• **Aim of the exercise**: Every line below from the one with "Coperta cărții 'Twelve" through the one with "Tổng hợp kinh nghiệm đặt cược thực chiến" is to be repeated exactly, with no picture among them.

• **Records to process**:
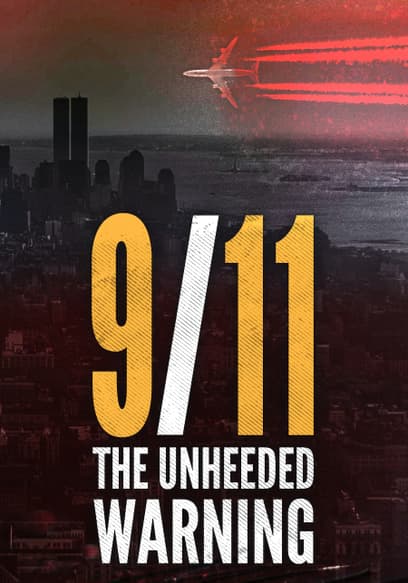 9/11: The Unheeded Warning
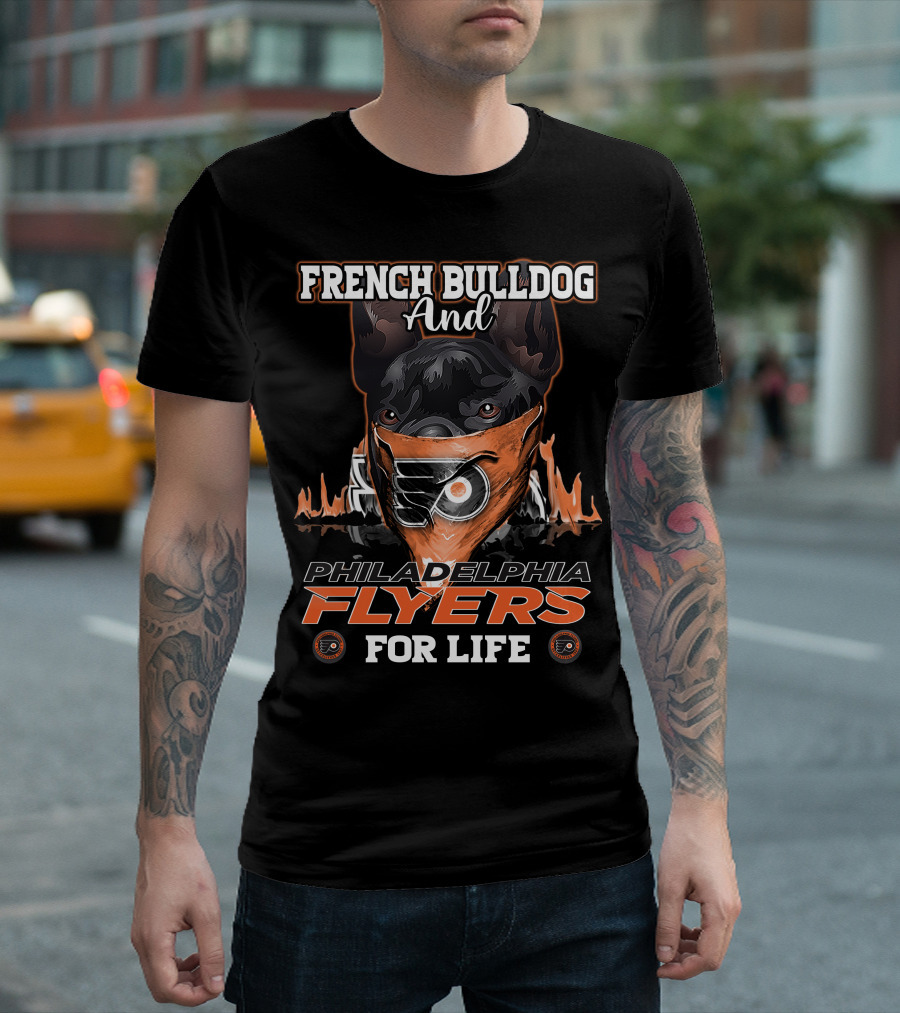 French Bulldog And Philadelphia Flyers For Life T-Shirt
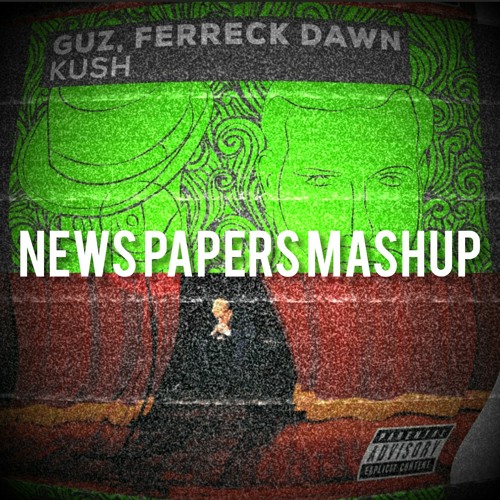Guz, Ferreck Dawn - Kush x Eminem - Without Me  - NEWS PAPERS mashup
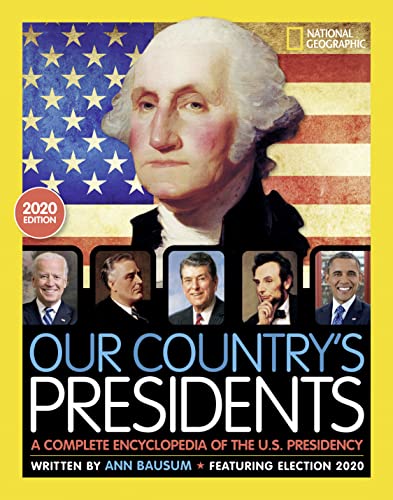 Stock image for Our Country's Presidents: A Complete Encyclopedia of the U.S. Presidency, 2020 Edition for sale by PlumCircle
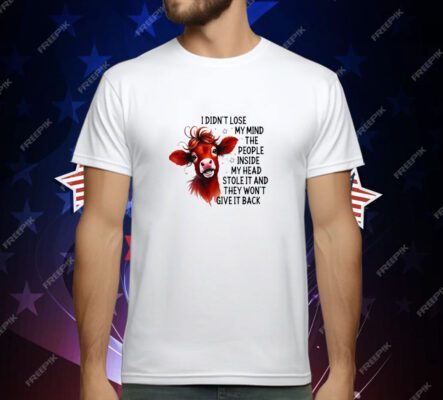 Cow I Didn’t Lose My Mind T-Shirt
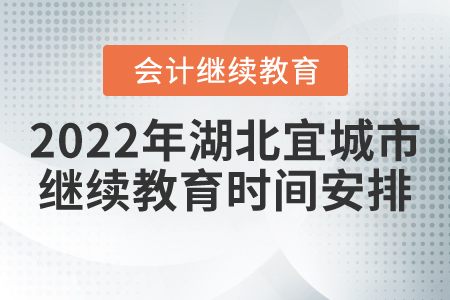 2022年湖北省宜城市會計(jì)繼續(xù)教育時(shí)間安排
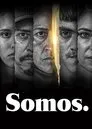 Somos., serie destacada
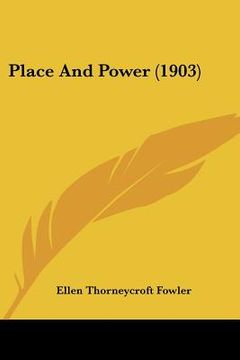 portada place and power (1903) (en Inglés)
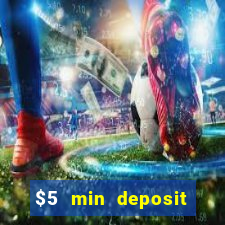 $5 min deposit online casinos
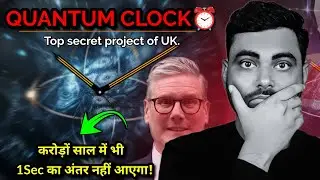 Quantum Clock: The UK's Top Secret military project. With Prince Singh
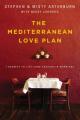  The Mediterranean Love Plan: 7 Secrets to Lifelong Passion in Marriage 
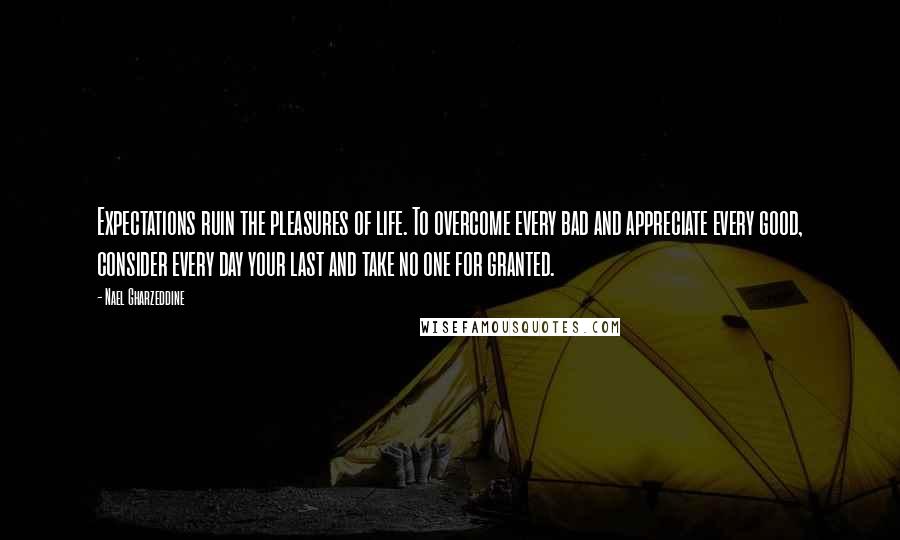 Nael Gharzeddine Quotes: Expectations ruin the pleasures of life. To overcome every bad and appreciate every good, consider every day your last and take no one for granted.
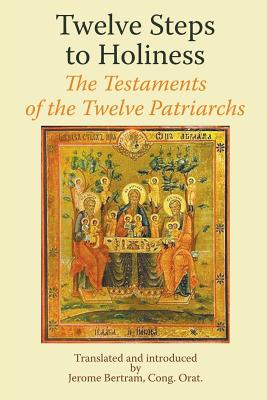 Coperta cărții 'Twelve Steps to Holiness. The Testaments of the Twelve Patriarchs - Jerome Bertram Cong Orat'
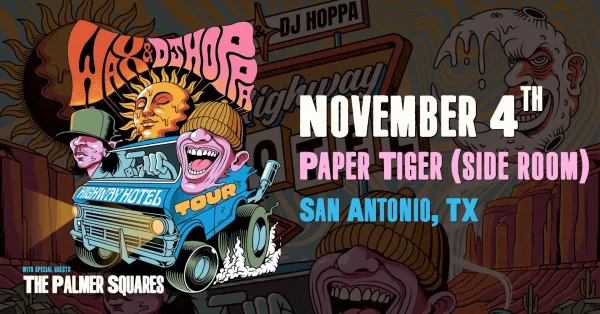 Wax & DJ Hoppa @ Paper Tiger
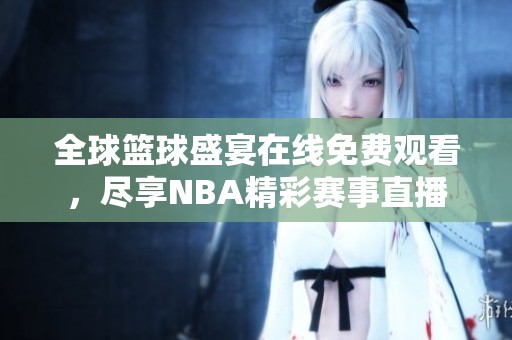 全球篮球盛宴在线免费观看，尽享NBA精彩赛事直播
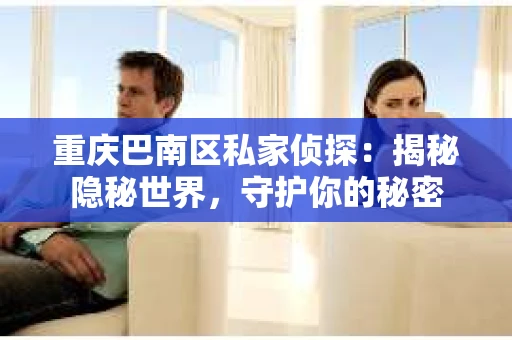 重庆巴南区私家侦探:揭秘隐秘世界,守护你的秘密 重庆巴南区私家侦探:揭秘隐秘世界,守护你的秘密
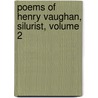 Poems Of Henry Vaughan, Silurist, Volume 2 by Henry Vaughan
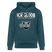 ICK GLOOB MEEN SCHWEIN PFEIFT!-Unisex Bio-Hoodie II - Dunkles Petrol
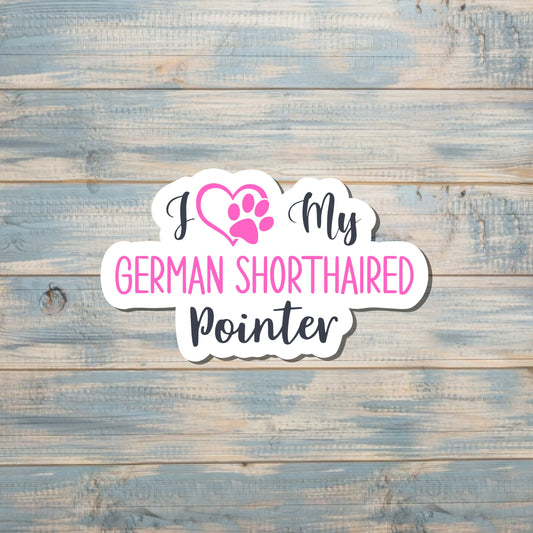 I Love My German Shorthaired Pointer Sticker |Sticker or Magnet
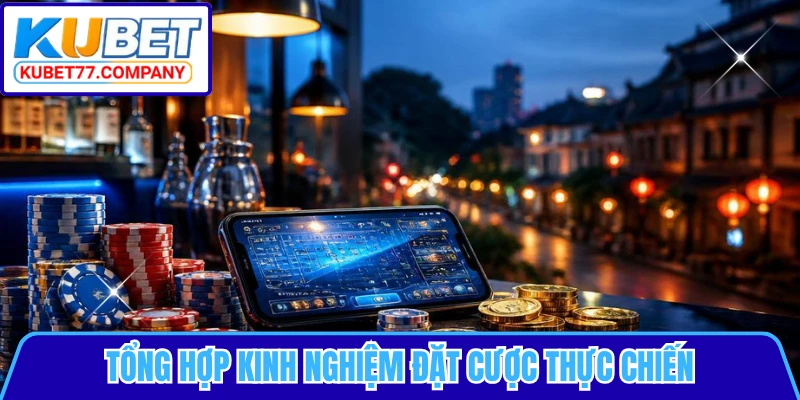 Tổng hợp kinh nghiệm đặt cược thực chiến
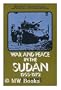 War and Peace in the Sudan, 1955-72 (World realities series)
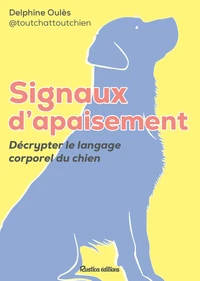 Signaux d'apaisement du chien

• **Result**:
 Coperta cărții 'Twelve Steps to Holiness. The Testaments of the Twelve Patriarchs - Jerome Bertram Cong Orat'
 Wax & DJ Hoppa @ Paper Tiger
 全球篮球盛宴在线免费观看，尽享NBA精彩赛事直播
 重庆巴南区私家侦探:揭秘隐秘世界,守护你的秘密 重庆巴南区私家侦探:揭秘隐秘世界,守护你的秘密
 Poems Of Henry Vaughan, Silurist, Volume 2 by Henry Vaughan
 ICK GLOOB MEEN SCHWEIN PFEIFT!-Unisex Bio-Hoodie II - Dunkles Petrol
 I Love My German Shorthaired Pointer Sticker |Sticker or Magnet
 Tổng hợp kinh nghiệm đặt cược thực chiến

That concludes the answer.